The actual prime factorization (obtained using Wolframalpha) is $$5 \times 13 \times 647 \times 25414873859387 \times 5319740909859534399143659720463597175586901$$
EDIT
A good point was raised by Mike in his comments. If we have $$(1+22a_1)(1+22a_2)\cdots(1+22a_k) = 23^5$$ This only implies $k \leq 5$. We also know that $k \geq 2$, since $5 \vert n$. So the answer is incomplete.
EDIT
Some more updates after some very insightful comments from Mike, Henry and Pambos. Let us assume that we can use divisibility rules to check divisibility up-to $13$ and divide $n$ by numbers up-to $13$. Note that $5 \vert n$ and $13 \vert n$. Hence, $n = 65 \times m$. Let $m = \prod_{j=1}^k p_j^{a_j}$. Hence, we get that $23 \times 23 \times \prod_{j=1}^k (1+22a_j) = 23^5 \implies \prod_{j=1}^k (1+22a_j) = 23^3$. Hence, the number of distinct primes in $m$ can be at most $3$. We want to show that the number of distinct primes dividing $m$ is exactly $3$.

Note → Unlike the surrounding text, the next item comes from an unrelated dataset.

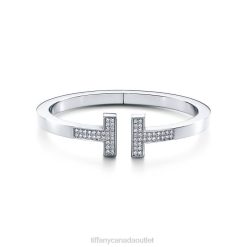 Tiffany Pave Diamond Square Bracelet Unisex 0J0F1179 Jewelry in 18k White Gold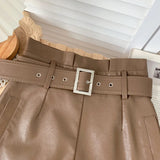 Faux Leather High Waist Belted Shorts Brown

Case $1$: $m$ is a perfect prime power i.e. $m = p^a$ where $p\geq 17$. This means we have $(1+22a) = 23^3 \implies a = \dfrac{23^3-1}{22} = 553$. But the number $m$ is only $59$ digits long. But then $p^{553} \geq 17^{553}$ is more than $500$ digits long. Hence, not possible. This means that the number of distinct primes dividing $m$ is either $2$ or $3$.
Case $2$: $m$ is of the form $m=p_1^{a_1} p_2^{a_2}$. In this case, we have $$(1+22a_1)(1+22a_2) = 23^3$$ Without loss of generality, let us take $a_1 = 1$ and $a_2 = 24$ i.e. $m = p_1 p_2^{24}$.
$$p_2^{8} \equiv 1 \pmod{2^5}$$ $$p_2^{6} \equiv 1 \pmod{3^2}$$ $$p_2^{4} \equiv 1 \pmod{5^1}$$ $$p_2^{6} \equiv 1 \pmod{7^1}$$ $$p_2^{12} \equiv 1 \pmod{13^1}$$ Hence, we get that $$p_2^{24} \equiv 1 \pmod{131040}$$ But we have $m \equiv 74369 \pmod{131040}$. (Note that I have assumed that we have divisibility rules up-to $13$. Divisibility by $2^5$ is trivial since all we need to check is if the last $5$ digits of $m$ is divisible by $2^5$.)
This means $p_1 \equiv 74369 \pmod{131040}$. This gives us $p_2 < p_1$ and hence $p_2^{24} < 10^{54} \implies p_2 < 10^{0.25} 10^{2} < 178$.
Solution 2:
Im not really answering my own question, but its to large to put in a comment, I was thinking of using the fact that $$\lim_{s\to\infty}\frac{\ln(d(k^s))}{\ln(1+s)}=\text{number of prime divisors $k$ has}$$ $d(k)=$ number of divisors of $k$
And then using the fact $s$ is very large, I could say $$\frac{\ln(d(k^{22}))}{\ln(23)}\sim \text{number of prime divisors $k$ has}$$ It gives me $5$ also, but this isn't really a proof, it works with $s=2$, also btw.
Also I was just experimenting it looks like $\dfrac{\ln(d(k))}{\ln(2)}=$ (number of prime diviors of $k$) very often.